Opinión

‘Mujeres españolas’, ensayo de Salvador de Madariaga

“Éste es un tono que España da de sí. La época de su esplendor fue de temple masculino. Colores oscuros; costumbres austeras. Mujeres encerradas. Ceño adusto a la que cayere; y contra ella, más severas aún las mujeres que los hombres. De su conducta dependerá el honor de los hombres de la familia”, escribe el insigne ensayista Salvador de Madariaga.
‘Mujeres españolas’, ensayo de Salvador de Madariaga

“Éste es un tono que España da de sí. La época de su esplendor fue de temple masculino. Colores oscuros; costumbres austeras. Mujeres encerradas. Ceño adusto a la que cayere; y contra ella, más severas aún las mujeres que los hombres. De su conducta dependerá el honor de los hombres de la familia”, escribe el insigne ensayista Salvador de Madariaga.
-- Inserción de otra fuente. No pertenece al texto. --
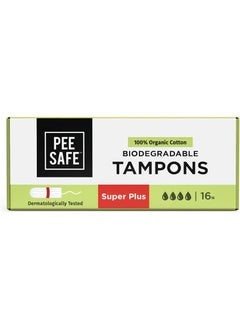 PEE SAFE Pee Safe Biodegradable 100% Organic Cotton Tampons Super Plus(Pack of 16) | for Very Heavy Flow | Organic Tampons | Cotton Tampons | Non Applicator Tampons | Free of Chlorine Bleach & Dyes 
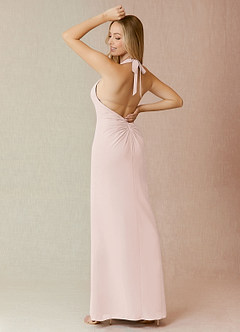 Azazie Yessi Bridesmaid Dresses Rose Petal Sheath Pleated Chiffon Dress image2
Releemos ahora su obra Mujeres españolas, Editorial Espasa-Calpe, Colección Austral, Madrid, en su segunda edición, 1975. “Si mal no recuerdo, la primera mujer que alcanzó cátedra de profesora en una Universidad europea fue doña Emilia Pardo Bazán, que en la de Madrid enseñó literatura comparada a principios de siglo, creo que en 1916 –resalta, en sus reflexiones, el gallego cosmopolita que fue Madariaga–. Poco después, María de Maeztu iba a vindicar mi atrevido aserto sobre la igualdad académica de las mujeres en un famoso proceso contencioso contra un ministro de Instrucción Pública, que había decretado un real decreto denegando a las mujeres, por el mero hecho de serlo, el título de doctor”.
Tras la ‘Introducción’, nos encontramos con su primer capítulo titulado Melibea, en el cual nos recuerda la grandeza de la obra clásica castellana Tragicomedia de Calisto y Melibea, comúnmente conocida por La Celestina. He ahí una frase significativa, la más impregnada de Destino, en que Sempronio encarece a Celestina la fluidez de las cosas humanas y su solubilidad en esa agua de vivir que no es sino el Tiempo: “Granada es Granada”.
El segundo capítulo lo dedica a Catalina de Aragón, quien había crecido entre armas y caballos, y a los seis años había visto a Boabdil entregar a su padre las llaves de Granada. Catalina nació en Alcalá el 16 de diciembre de 1485, en el castillo del arzobispo de Toledo. Y el nombre de Catalina se lo impusieron porque la abuela de su madre era una Catalina de Lancáster, reina de Castilla, como mujer de Enrique III. “Su corazón –señala Madariaga– iba a servir de pergamino para que sobre él, con dagas que no con plumas, escribieran sus padres y sobrinos tratados de poder y ambición. El matrimonio de sus padres significó la unión de España, menos Portugal. Mas, unidos los reinos de Fernando e Isabel, no vencían ni aun igualaban en peso político el reino más fuerte y rico de Europa, que ya era Francia. Mientras tanto, su madre Isabel –apoyando a Cristóbal Colón– había desviado a España de su vocación natural, que era la europeización del África mediterránea.
Más adelante, evocamos a ‘Lady Smith’, la española. Durante 1812 Wellington comienza la contrainvasión de España por Portugal que, gracias a la guerra de guerrillas de nuestro pueblo, lo llevará a Vitoria y a la total expulsión de los franceses del territorio peninsular. A continuación, rememora a ‘La Malibrán’, la voz del ‘bel canto’. Si nos retrotraemos a 1813, el primer tenor de la Ópera Real de San Carlo en Nápoles era un español llamado Manuel García. El papel infantil fue representado por María Felicia, una hija del tenor, de seis años no cumplidos. De este modo entró el prodigio del canto dramático que hizo universal el nombre de ‘La Malibrán’. ¿Y cómo no evocar a Paulina García Viardot, la cantante exaltada por el poeta francés Alfred de Musset en 1840? En último término, Madariaga desarrolla sus juicios en torno a nuestra Rosalía de Castro: “Supo y pudo no perder nunca ni el equilibrio ni el rumbo, y llegó así a transfigurar su dolor en belleza inolvidable”.